### Data:
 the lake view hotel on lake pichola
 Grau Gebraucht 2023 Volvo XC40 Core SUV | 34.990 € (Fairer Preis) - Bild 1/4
...
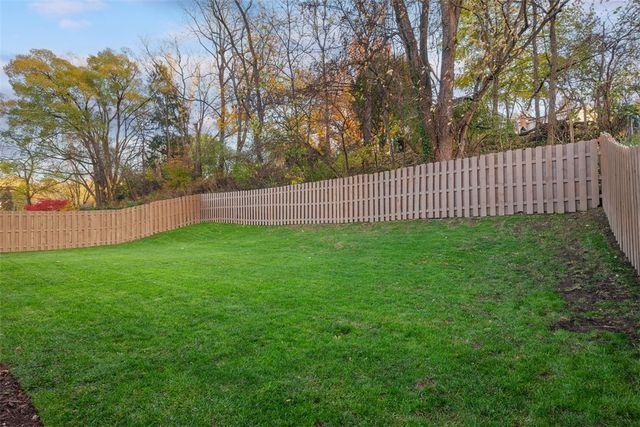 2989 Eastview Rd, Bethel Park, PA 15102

### Requirement:
Take the line above containing "the lake view hotel on lake pichola", the line containing "Grau Gebraucht 2023", and all lines in between, and copy them exactly without anything else.

### Completed task:
 the lake view hotel on lake pichola
 Grau Gebraucht 2023 Volvo XC40 Core SUV | 34.990 € (Fairer Preis) - Bild 1/4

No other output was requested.